Kurgulanacak senaryoların aşağıdaki konularda projeksiyonlar geliştirebilir;

  • Muhtemel fiyat artışları
  • Küresel maliyet artışlarını dikkate alan finansal projeksiyonlar
  • İleride meydana gelebilecek malzeme ve personel kıtlıklarının değerlendirilerek, yeni yapım teknikleri ve stratejileri araştırılması
  • Sahaya tekrar mobilizasyonda ortaya çıkabilecek durumlar
  • İleride muhtemel işgücü sınırlamaları için planlamalar
  • Mevcut İş sağlığı ve güvenliği tedbirlerinin incelenerek, ilave tedbirlerin değerlendirilmesi

Projelerin tekrar başlamasıyla proje katılımcıları arasında; şu ana kadar ortaya çıkan gecikme ve katlanılan maliyetlerin nasıl ele alınacağı, tarafların ve projenin tamamlanmasının garanti altına alınabilmesi için alınabilecek ilave tedbirler ve devam eden kısıtlamaların işin süresi ve maliyeti üzerinde ne gibi etkileri olabileceği, konularında görüşmeler yapılacak ve yeniden anlaşmaya varılması konuları gündeme gelecektir. Dolayısıyla tarafların öncesinden hazırlıklı olabilmeleri için COVID-19 ve ilişkili durumlar dolayısıyla ortaya çıkan gecikmeler ve mali kayıpların miktarları üzerinde ön çalışmalar yürütmeleri ve yazımızda bahsettiğimiz stratejileri kurgulamaları büyük önem taşıyacaktır.

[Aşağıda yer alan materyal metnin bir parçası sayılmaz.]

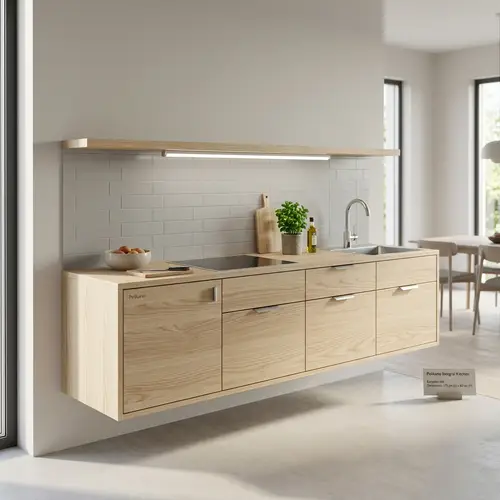 3D Render of European Ash Kitchen by Pelikano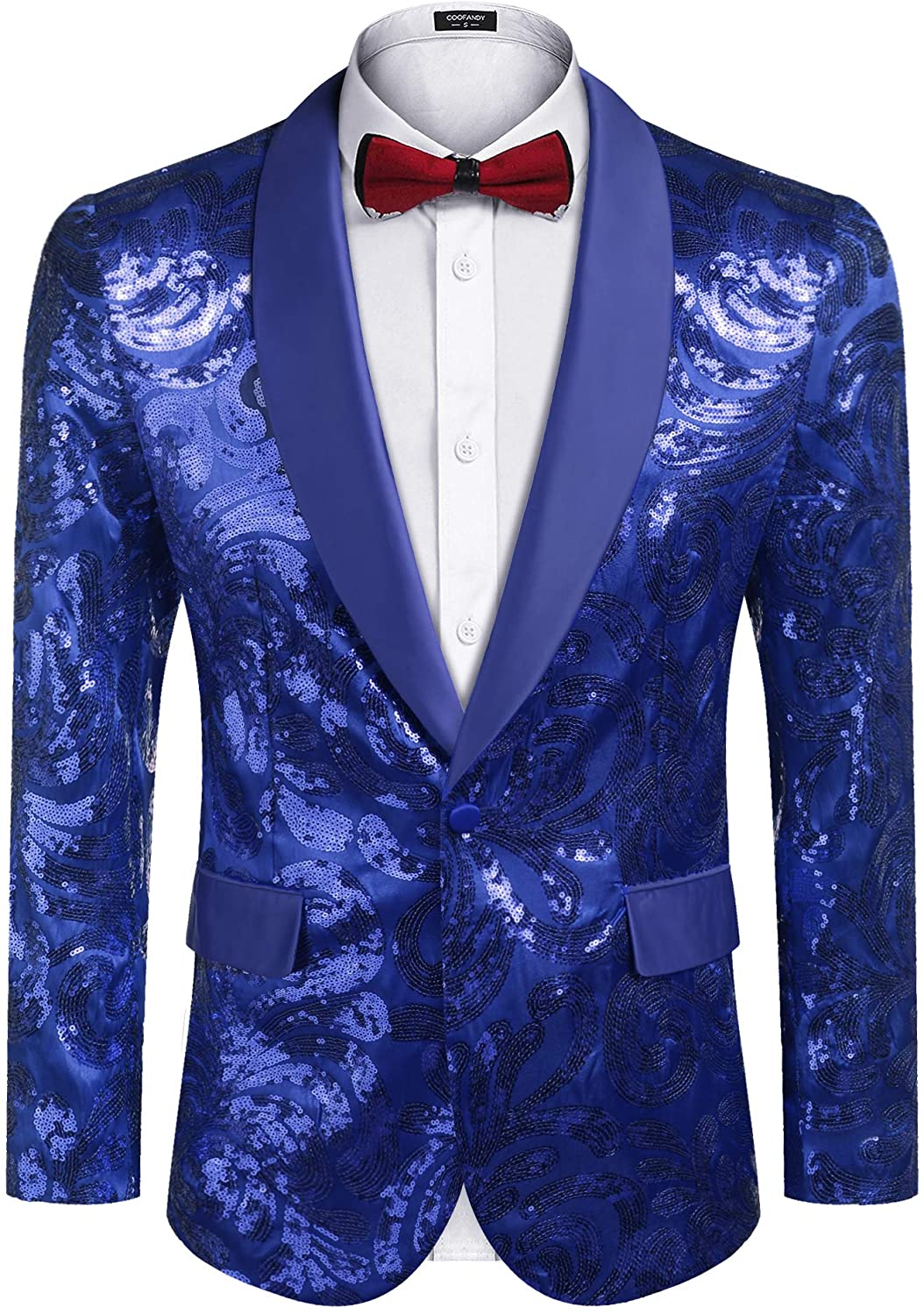 Men's Shiny Blue Floral Sequin Stylish Tuxedo Blazer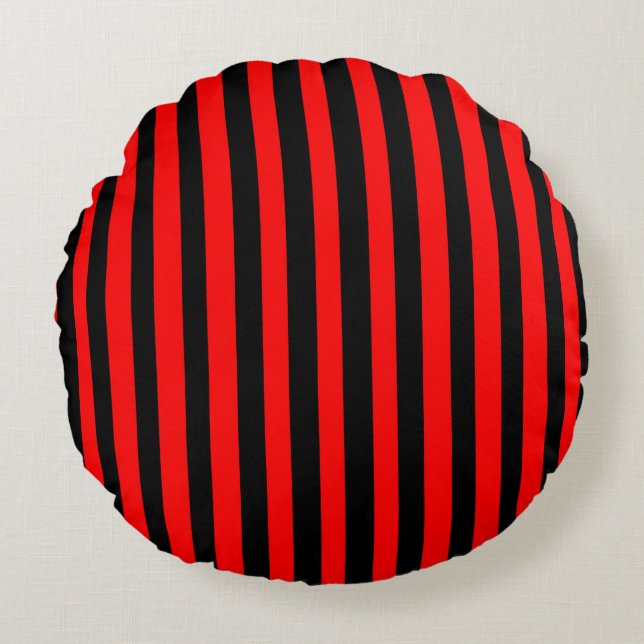 Ruby Black Round Pillow (Front)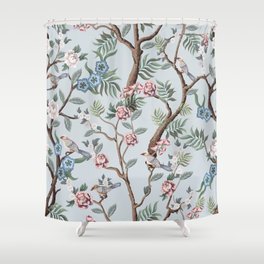 Seamless pattern in chinoiserie style with peonies trees and birds. Vintage,  Shower Curtain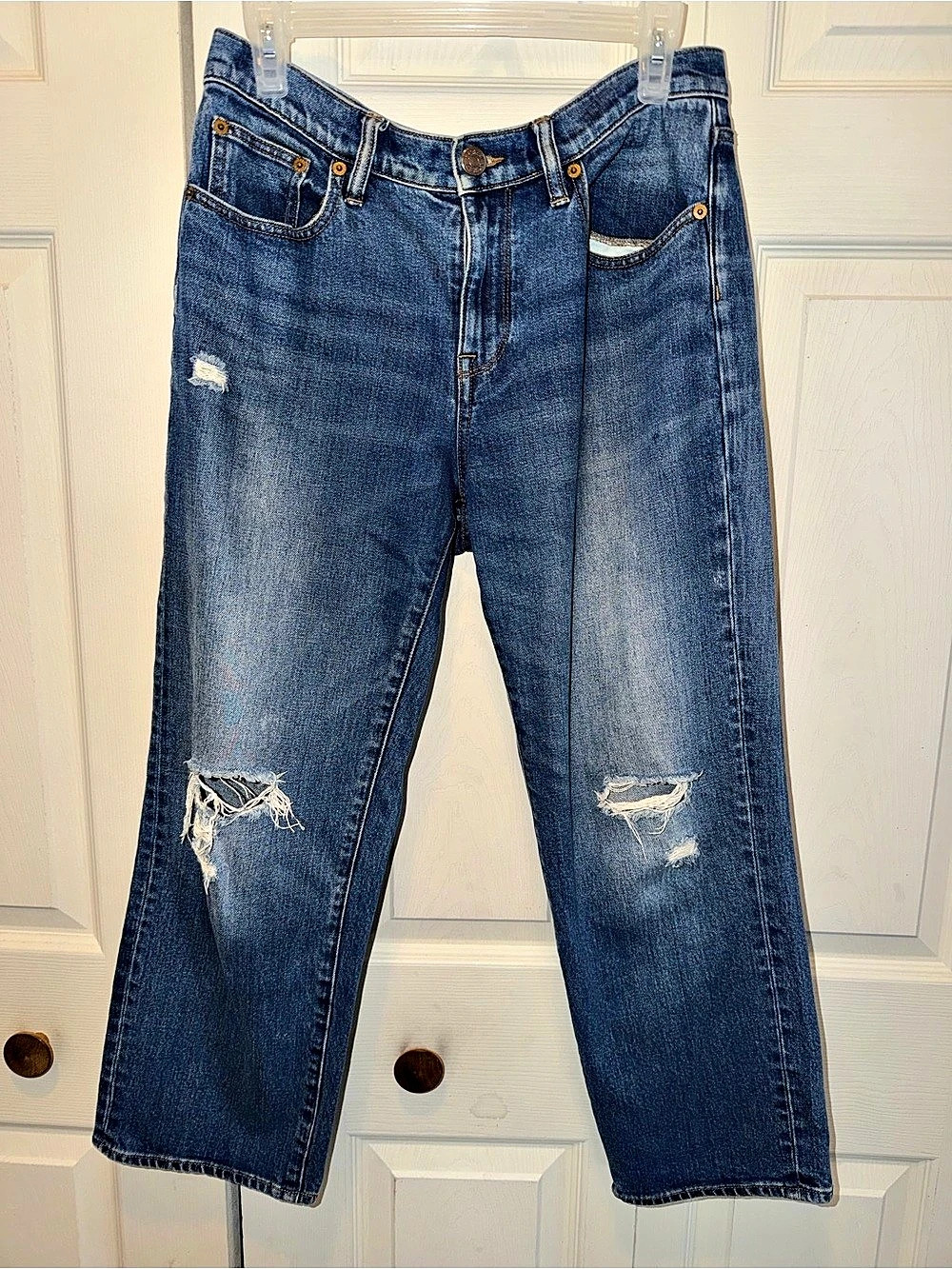 J.Crew Made Leg Crop Distressed wide Leg crop in Blue Waist 28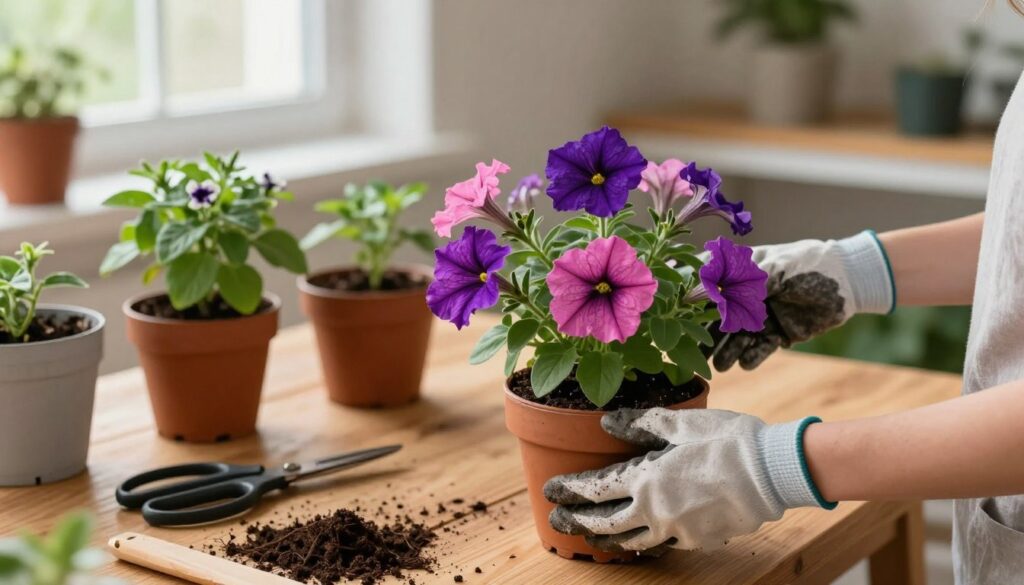 A cozy indoor gardening scene featuring a person gently preparing potted petunias for winter. In the foreground, focus on a pair of hands with gardening gloves, delicately pruning vibrant purple and pink petunias, showcasing their lush petals. In the middle, include a wooden table filled with essential tools like scissors, pots, and soil, creating an inviting atmosphere. The background should depict a warmly lit room with soft, natural light filtering through a window, highlighting healthy green leaves and the vibrant colors of the flowers. Three-dimensional depth should evoke a sense of calm and care, emphasizing the nurturing process of winter plant preparation. The mood is serene and encouraging, capturing a moment of attentive gardening.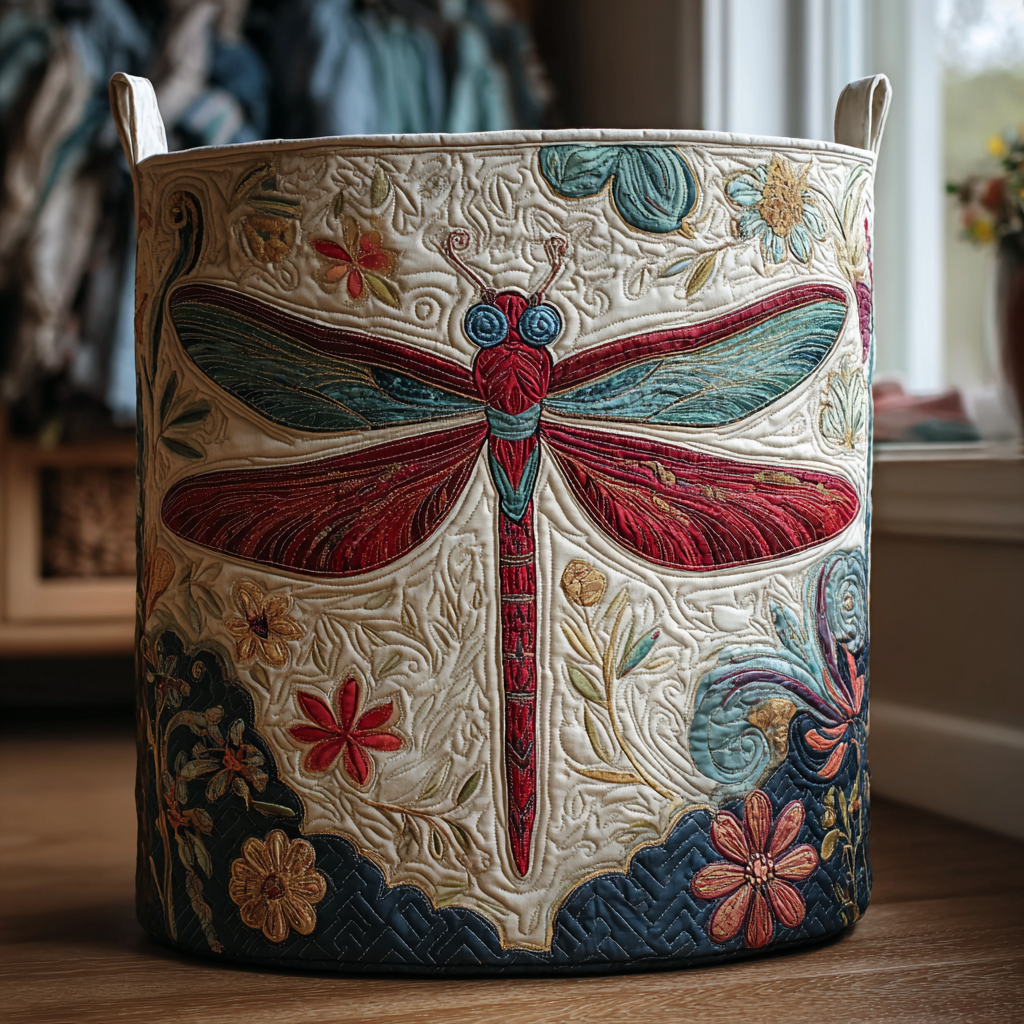 Quilted Laundry Basket - Pure Dragonfly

Bu süreçte inşaat sektörü açısından verim kayıpları, gecikmeler ve ilave maliyetler ortaya çıkması kaçınılmaz olacağından, süresel ve mali analizlerin yapılabilmesi için COVID-19 dolayısıyla alınan önlem ve tedbirlerin etkilerini dikkate alan kayıtların hassas şekilde tutulması ve süre ve maliyet analizi çalışmaların ara dönemdeki etkileri de inceleyecek şekilde başlatılması gerekmektedir.